Copy the records that follow exactly as written, but not their pictures.

** SUPPLIED DATA follows **

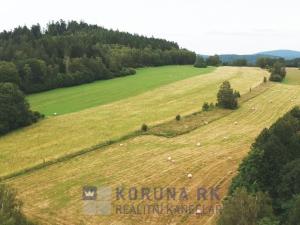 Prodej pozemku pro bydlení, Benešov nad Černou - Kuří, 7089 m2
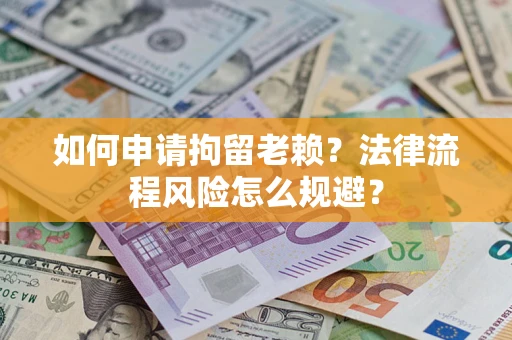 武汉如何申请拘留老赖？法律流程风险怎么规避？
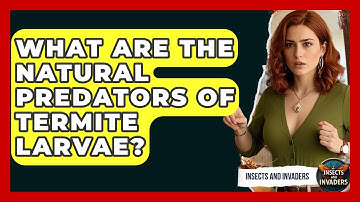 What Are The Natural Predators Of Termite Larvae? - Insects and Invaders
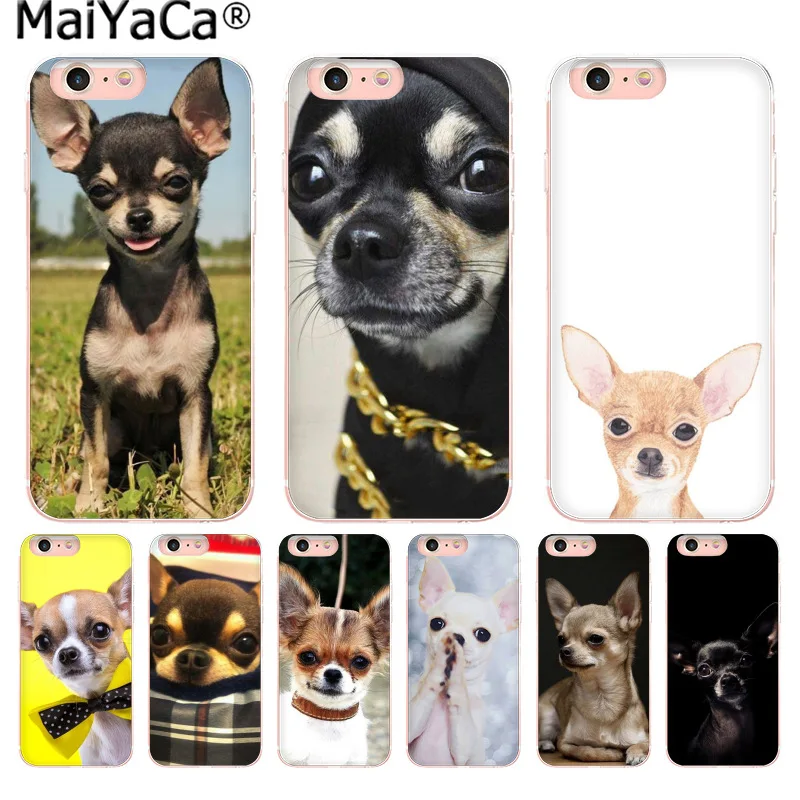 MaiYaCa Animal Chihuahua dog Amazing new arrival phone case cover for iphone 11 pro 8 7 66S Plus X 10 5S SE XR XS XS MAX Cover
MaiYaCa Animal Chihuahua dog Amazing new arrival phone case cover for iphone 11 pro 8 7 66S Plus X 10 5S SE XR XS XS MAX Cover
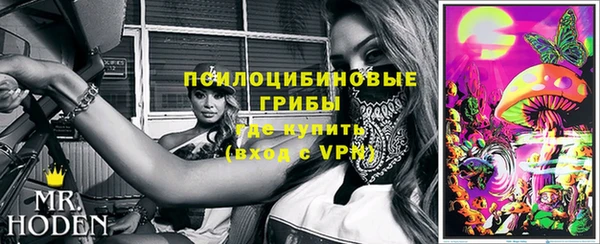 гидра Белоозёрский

** End of SUPPLIED DATA **

**EXERCISE RESPONSE:**
 Prodej pozemku pro bydlení, Benešov nad Černou - Kuří, 7089 m2
 武汉如何申请拘留老赖？法律流程风险怎么规避？
 What Are The Natural Predators Of Termite Larvae? - Insects and Invaders
 MaiYaCa Animal Chihuahua dog Amazing new arrival phone case cover for iphone 11 pro 8 7 66S Plus X 10 5S SE XR XS XS MAX Cover
MaiYaCa Animal Chihuahua dog Amazing new arrival phone case cover for iphone 11 pro 8 7 66S Plus X 10 5S SE XR XS XS MAX Cover
 гидра Белоозёрский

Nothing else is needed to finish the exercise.